Senegal: 40 years of conflict in the Casamance region
FATHER FULGENCE COLY, THE APOSTOLIC ADMINISTRATOR OF THE DIOCESE OF ZIGUINCHOR IN SOUTHERN SENEGAL, visited the head-office of Aid to the Church in Need International (ACN), in Germany, and spoke about the conflict in the Casamance region, as well as the work carried out by the Church and the challenges faced by his diocese.
Senegal is known for being one of western Africa’s most politically stable countries. However, there is an open conflict between the Senegalese military and the Movement of Democratic Forces of Casamance (MDFC) in the country’s southern Casamance region, which began 40 years ago.
The rebellion is considered to have begun on December 26, 1982, when hundreds of people flooded the streets of the city of Ziguinchor, replacing the Senegalese tricolore with white flags, while the recently formed MDFC distributed pamphlets calling for the independence of the Casamance region.
The Casamance conflict has an ethnic dimension, with the local majority Diola tribe facing off against the state and it is one of many civil wars in postcolonial Africa, even though it stands out for having a lower death rate than others. Human rights violations have been committed by both sides, but there are no records of mass killings, such as are common in other African civil wars. The first ceasefire agreement was signed in 1992, but in 1995 and again in 1998 the conflict escalated, and it continues today, despite several peace deals and rounds of negotiation.

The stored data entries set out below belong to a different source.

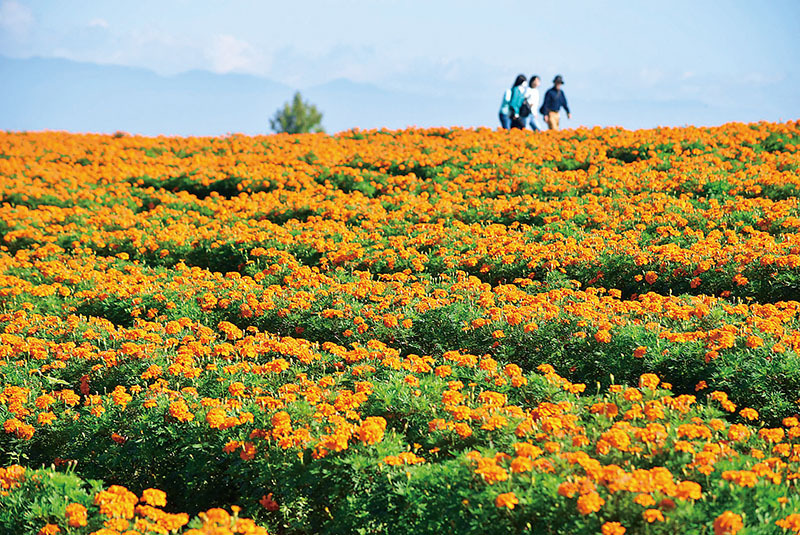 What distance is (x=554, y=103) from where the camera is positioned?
21.7 metres

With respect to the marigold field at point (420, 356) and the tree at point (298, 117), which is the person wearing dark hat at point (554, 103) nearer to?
the marigold field at point (420, 356)

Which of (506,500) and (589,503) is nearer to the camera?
(589,503)

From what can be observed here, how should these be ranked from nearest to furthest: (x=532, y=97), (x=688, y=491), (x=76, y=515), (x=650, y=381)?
(x=688, y=491)
(x=76, y=515)
(x=650, y=381)
(x=532, y=97)

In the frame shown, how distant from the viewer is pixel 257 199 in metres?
A: 14.4

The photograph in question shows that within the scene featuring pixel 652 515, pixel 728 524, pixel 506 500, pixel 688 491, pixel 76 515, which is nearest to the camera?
pixel 728 524

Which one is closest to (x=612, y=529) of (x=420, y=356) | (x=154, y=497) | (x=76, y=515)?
(x=154, y=497)

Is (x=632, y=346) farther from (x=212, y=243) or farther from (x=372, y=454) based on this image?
(x=212, y=243)

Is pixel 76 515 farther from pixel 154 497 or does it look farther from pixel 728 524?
pixel 728 524

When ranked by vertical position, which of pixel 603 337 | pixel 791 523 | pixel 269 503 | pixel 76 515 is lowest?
pixel 269 503

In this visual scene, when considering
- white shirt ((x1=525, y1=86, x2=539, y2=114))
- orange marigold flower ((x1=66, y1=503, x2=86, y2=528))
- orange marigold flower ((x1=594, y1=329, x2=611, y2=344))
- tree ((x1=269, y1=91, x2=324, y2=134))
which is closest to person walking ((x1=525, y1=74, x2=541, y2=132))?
white shirt ((x1=525, y1=86, x2=539, y2=114))

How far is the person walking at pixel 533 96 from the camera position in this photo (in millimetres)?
21312

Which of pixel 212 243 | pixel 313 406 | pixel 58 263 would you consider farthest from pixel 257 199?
pixel 313 406

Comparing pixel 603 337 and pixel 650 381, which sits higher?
pixel 603 337

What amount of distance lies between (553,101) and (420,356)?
1596cm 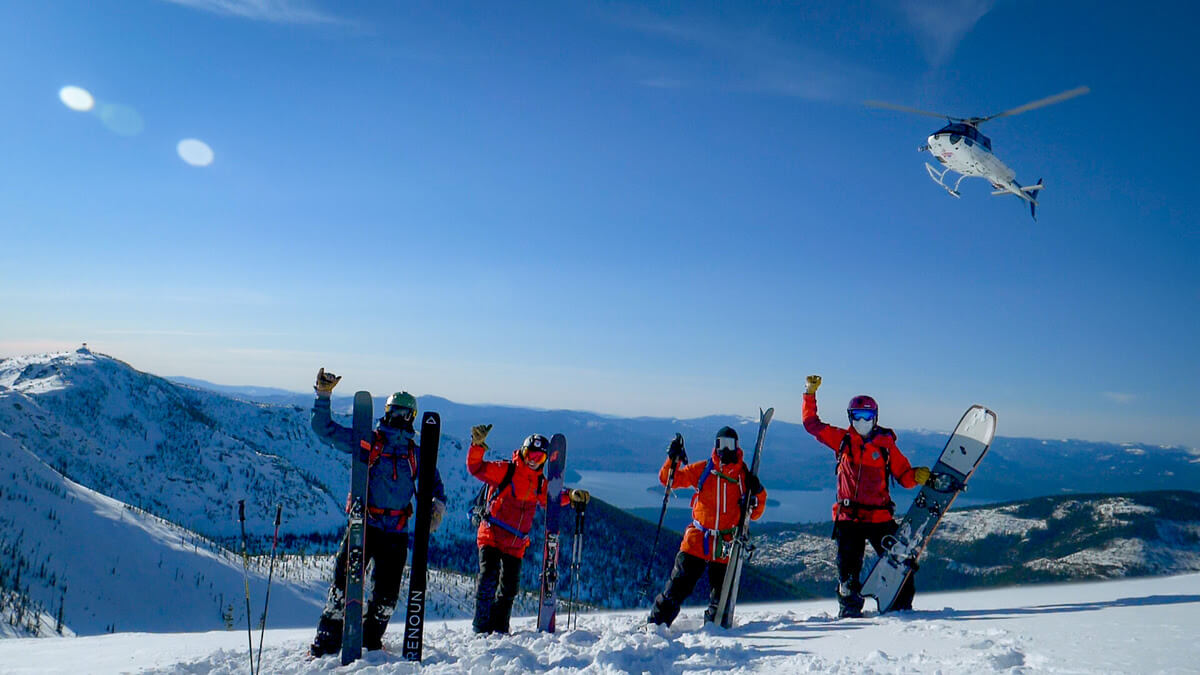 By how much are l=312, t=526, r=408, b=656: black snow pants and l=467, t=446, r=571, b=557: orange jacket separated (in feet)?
4.05

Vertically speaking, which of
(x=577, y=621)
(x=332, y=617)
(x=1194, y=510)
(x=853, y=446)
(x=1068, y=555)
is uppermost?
(x=853, y=446)

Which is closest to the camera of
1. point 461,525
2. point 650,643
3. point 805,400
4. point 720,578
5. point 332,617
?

Speaking to ACN, Father Fulgence explained that the diocese has gone through a period of five years of relative calm but that this does not mean that a definitive peace has been achieved. “Were it not for the conflict between the Government and the rebels, this region could be much more developed, because it is a very fertile and well irrigated area. But we have been set back 30 years, and the younger generation is very frustrated,” said Father Coly.
Communication between the north and the south of the country is difficult because the small country of Gambia lies between the Casamance region and the Senegalese capital of Dakar. “The inhabitants of this area feel that the south has been abandoned by the Government, and many move to the north, or embark on the adventure of emigration,” the Apostolic Administrator added.
One of the priest’s top priorities is to work with the population to keep the peace. “It is important that we, as the Church, accompany young people so that they find employment, rather than dedicate themselves to violence. We want peace, and we especially want to see the return of all of those who had to flee their communities.”
Despite the difficult situation, and thanks to the support of ACN and other charities, the Church is able to carry out different types of projects that help keep the population settled in the region, such as agricultural projects, to ensure food security, and support for the rebuilding of abandoned and destroyed houses. There are also social projects to provide psychological support to all who have suffered from the violence or are dealing with frustration, so that they can return to their jobs in communities that had been abandoned but are now safe.
“And, of course, we also provide spiritual accompaniment to encourage wounded communities to forgive and reconcile,” Father Coly explained, “which is why on January 1st every year, the World Day of Prayer for Peace, a bishop celebrates a solemn Mass for peace in one of the parishes of the dioceses that have been most badly affected by the conflict. Civil authorities, traditional and religious leaders, as well as women’s associations are invited to this celebration, so that together they can pray for peace in Casamance and symbolically release some doves.”
The Church plays the role of mediator between the Senegalese State and the MDFC, to get them to sit at a negotiating table, to try and achieve a lasting peace for Casamance. Priests and religious – as well as Catholic Action movements – are the cornerstone of the local Church’s support for the people, which is why ACN has been helping the diocese for several years, and recently approved funding for the construction of a new residence for elderly priests.